Le Comité note avec regret que l’État partie n’a pas produit de rapport sur
l’application des dispositions de la Charte sur les responsabilités de l’enfant. Le
Comité recommande ainsi à l’État partie de fournir des informations à cet égard dans
ses rapports ultérieurs. Le Comité encourage en outre l’État partie à investir sur les
enfants et à les responsabiliser au maximum afin de leur permettre de s’acquitter
efficacement de leurs responsabilités. En encourageant les enfants à être
responsables, le Comité demande à l’État partie de bien s’assurer que les enfants
ne sont pas victimes de violations de leurs droits sous forme de travail des enfants
ou d’autres formes d’exploitation. L’État doit s’assurer que les enfants s’acquittent de
leurs responsabilités conformément à leurs capacités et à leurs droits consacrés
dans la Charte.
J.
Conclusion
45.
Le Comité africain d’experts sur les droits et le bien-être de l’enfant reconnaît
les efforts du gouvernement de la Côte d’Ivoire dans la promotion et le respect des
droits des enfants et souhaite que les présentes recommandations soient mises en
œuvre.
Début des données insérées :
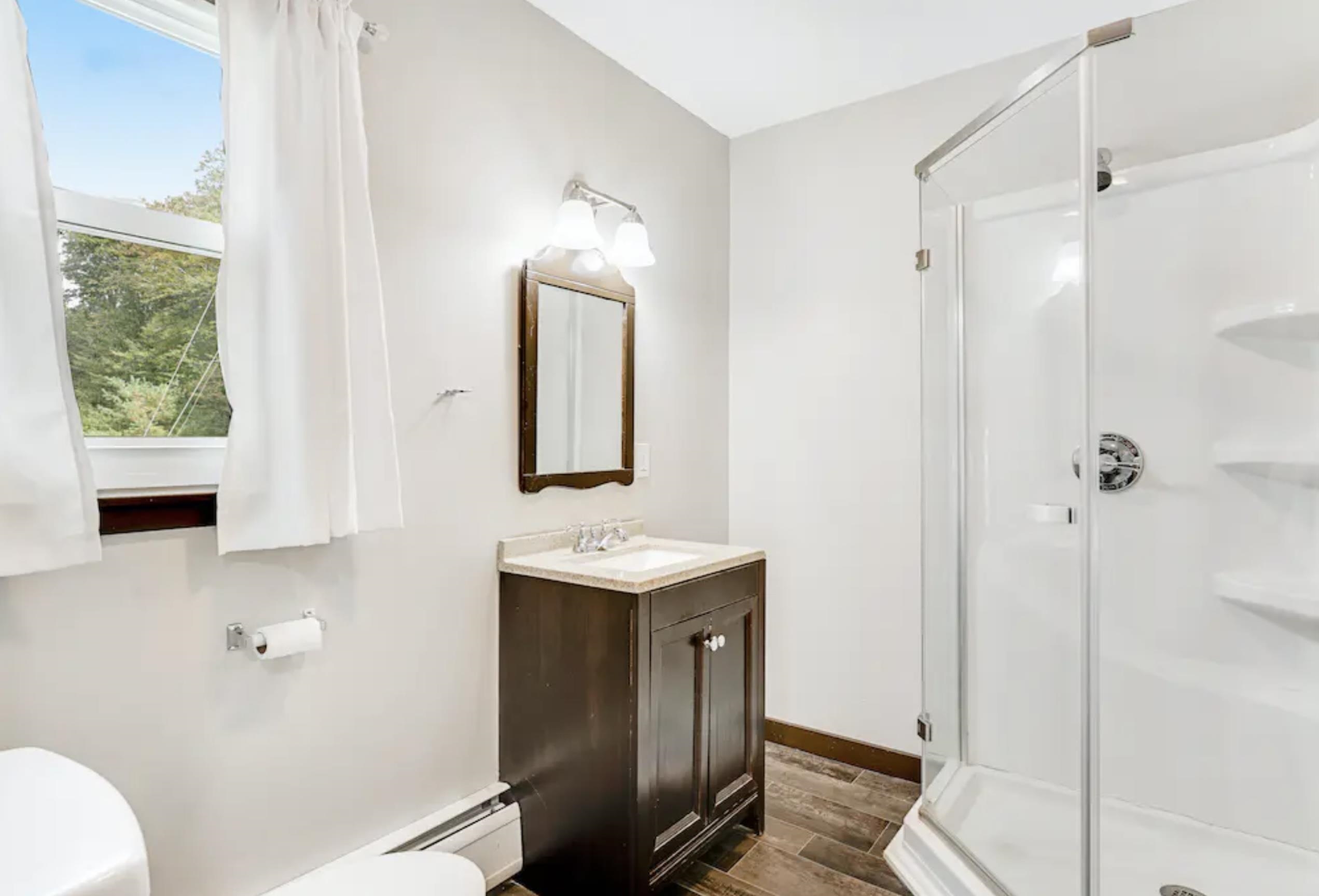 8 Rocky Road Winhall, VT 05340 - Photo 12 of 20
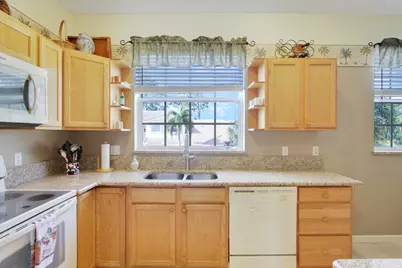 9207 Wentworth Lane, Port Saint Lucie, FL 34986 - Photo 5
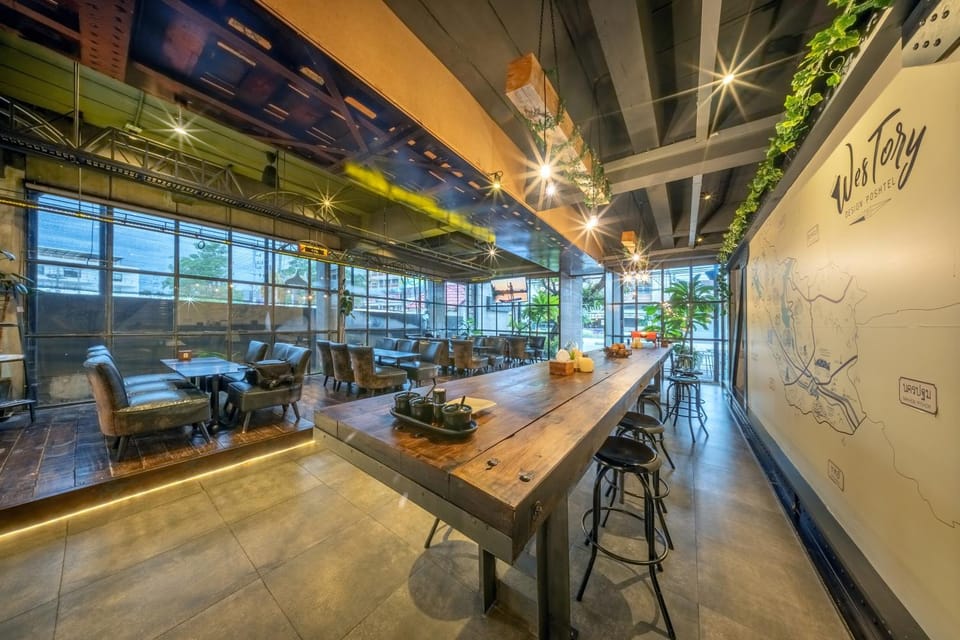 Restaurant/places to eat, Seating area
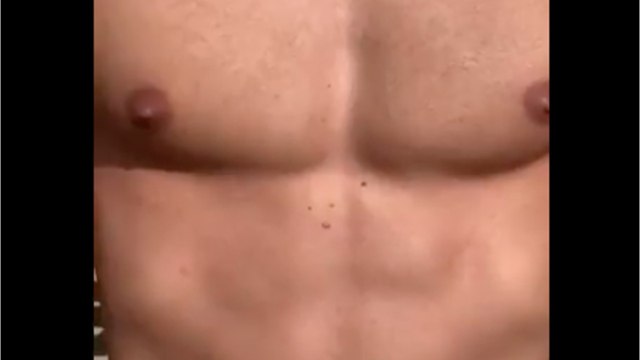 VOICI- Julien Courbet confiné : l'animateur, torse nu, se fait tacler par sa fille dans une vidéo hilarante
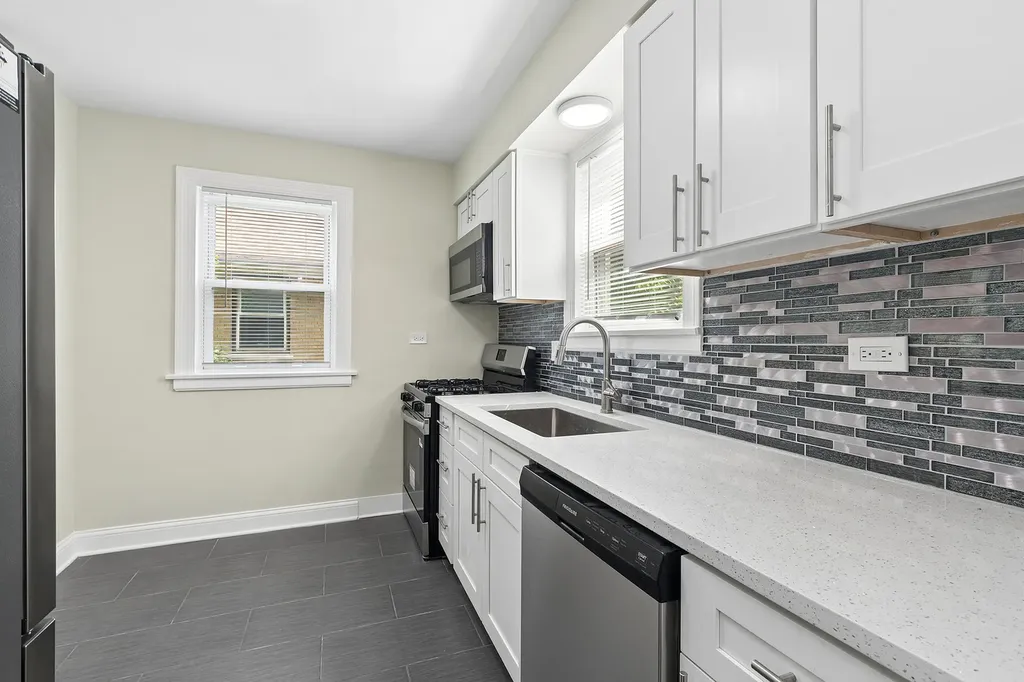 10407 South Eberhart Avenue Chicago IL 60628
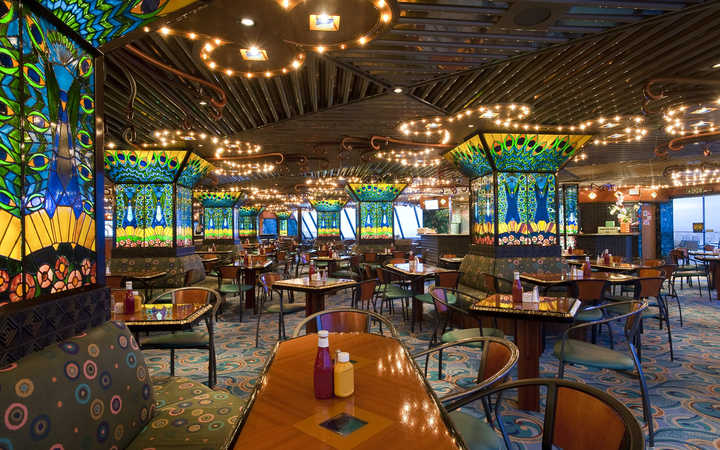 Bateau Carnival Elation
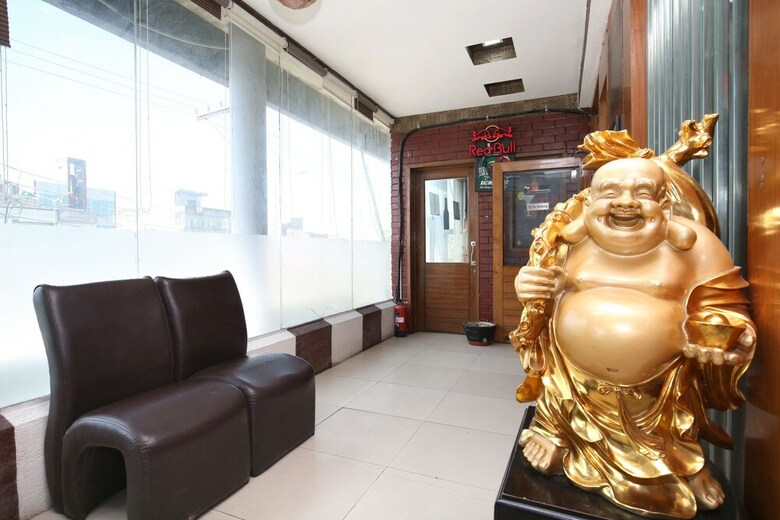 Hotel Oyo 18540 Black Diamond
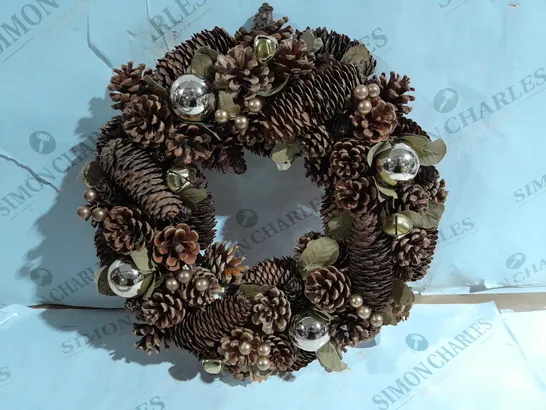 BOXED FESTIVE SEASONAL PINE WREATH APPROX 35CM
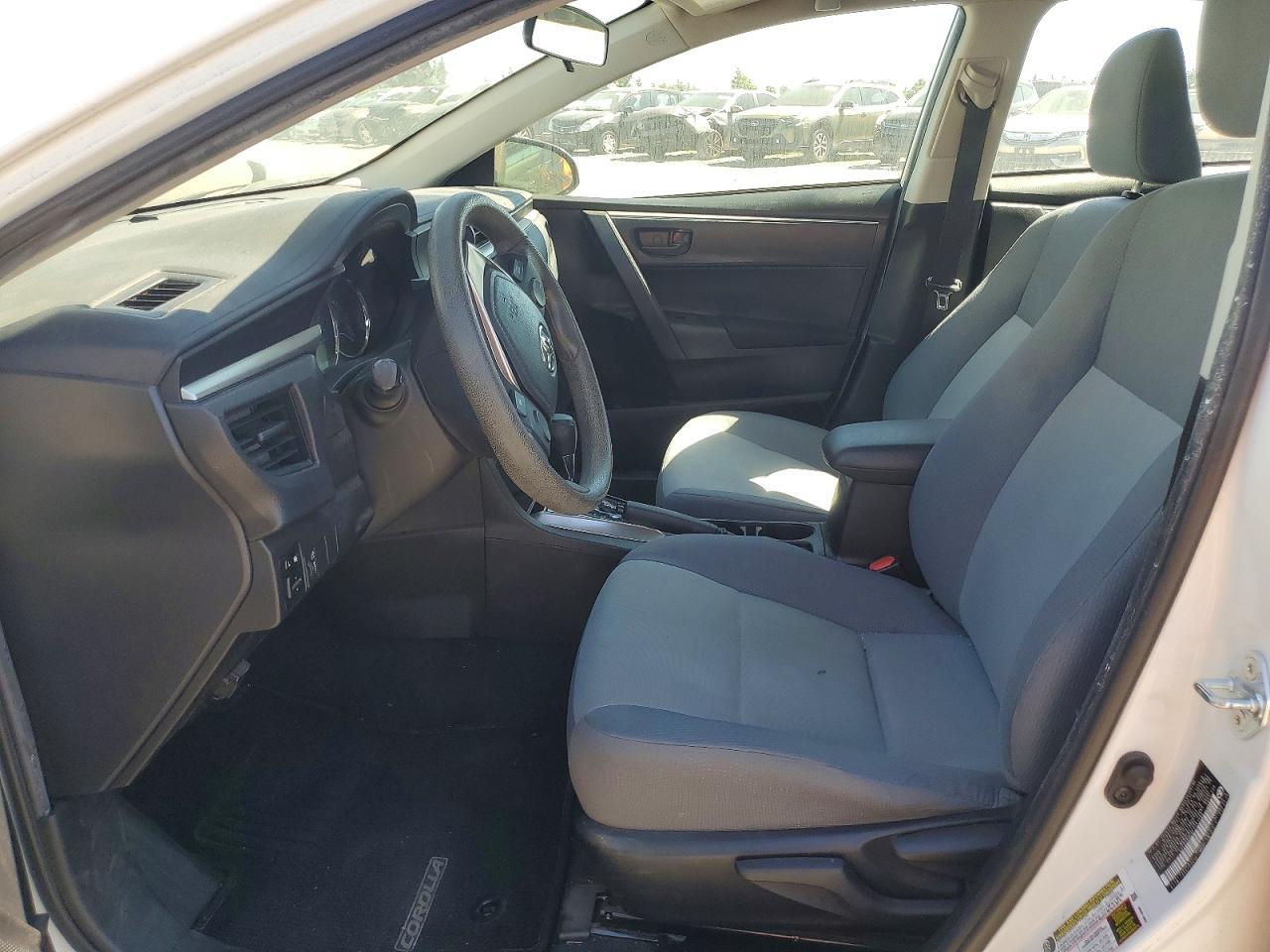 2015 TOYOTA COROLLA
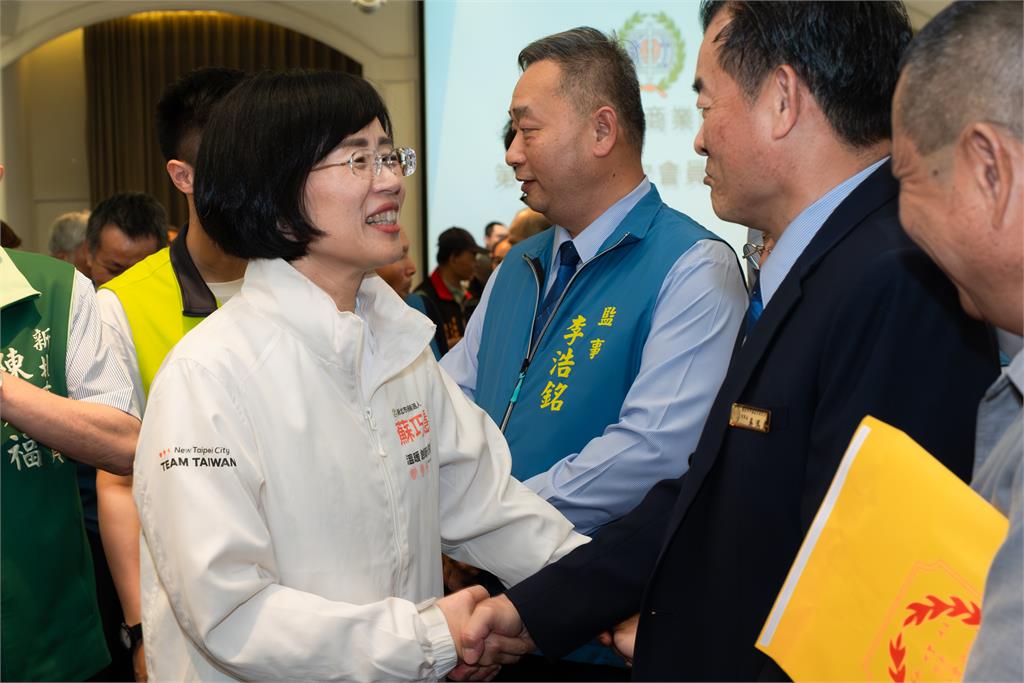 快新聞／中醫藥界力挺！ 蘇巧慧出席新北中藥商公會活動　群眾熱情喊「凍蒜」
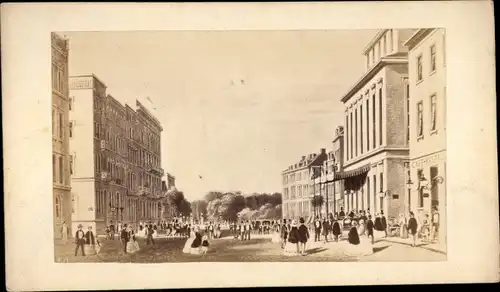 Foto Hamburg, Straßenpartie im Ort, Häuser, Fotograf C. Gassmann, Hamburg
Le Comité souhaite indiquer qu’il entreprendra une mission de suivi visant à
vérifier la mise en œuvre de ces recommandations dans un proche avenir. Le
Comité voudrait également inviter l’État partie à présenter son rapport périodique
combiné d’ici à 2020 et à y inclure des informations sur la mise en œuvre des
présentes observations finales. Le Comité africain d’experts sur les droits et le bienêtre de l’enfant saisit cette occasion pour renouveler au gouvernement de la
République de Côte d’Ivoire l’assurance de sa très haute considération.